# [Exercise requirements]
In the records below, reproduce exactly the lines from the one containing "BMW X1 E84 2009-2015" through the one containing "Serviette De Golf", both included, and omit the pictures.

# [Supplied entries]
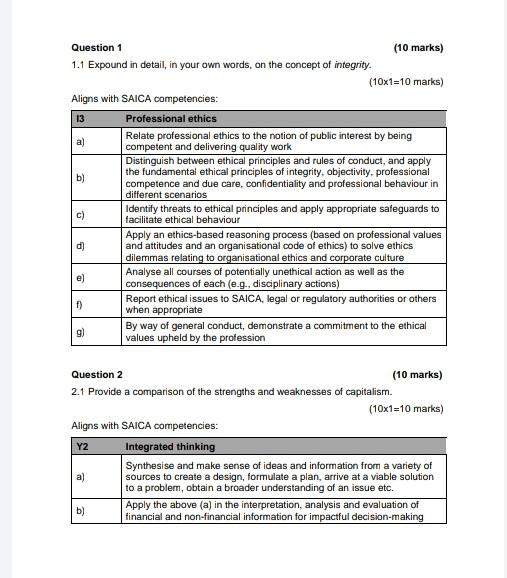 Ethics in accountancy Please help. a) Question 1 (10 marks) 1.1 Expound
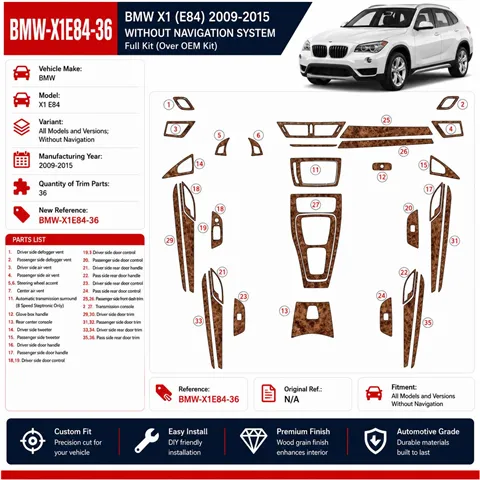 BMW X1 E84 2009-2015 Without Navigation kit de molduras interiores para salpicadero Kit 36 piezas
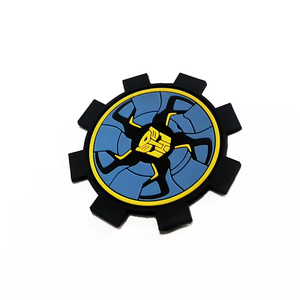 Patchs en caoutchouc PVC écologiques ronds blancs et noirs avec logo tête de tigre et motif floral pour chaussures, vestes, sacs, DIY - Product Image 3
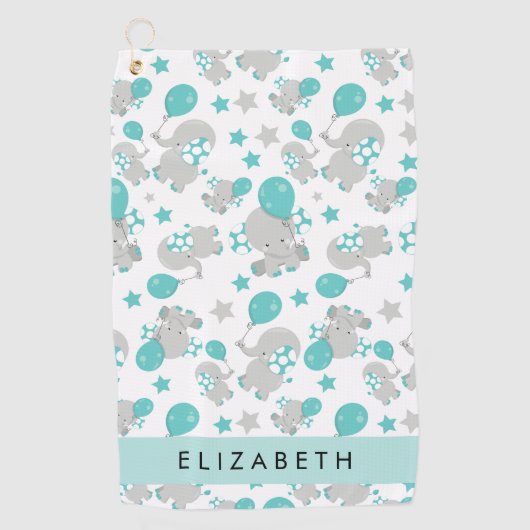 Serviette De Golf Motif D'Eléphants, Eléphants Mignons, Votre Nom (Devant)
...
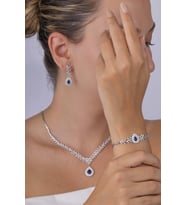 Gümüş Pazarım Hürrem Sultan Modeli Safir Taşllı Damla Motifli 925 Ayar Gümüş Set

# [Exercise output]
 BMW X1 E84 2009-2015 Without Navigation kit de molduras interiores para salpicadero Kit 36 piezas
 Patchs en caoutchouc PVC écologiques ronds blancs et noirs avec logo tête de tigre et motif floral pour chaussures, vestes, sacs, DIY - Product Image 3
 Serviette De Golf Motif D'Eléphants, Eléphants Mignons, Votre Nom (Devant)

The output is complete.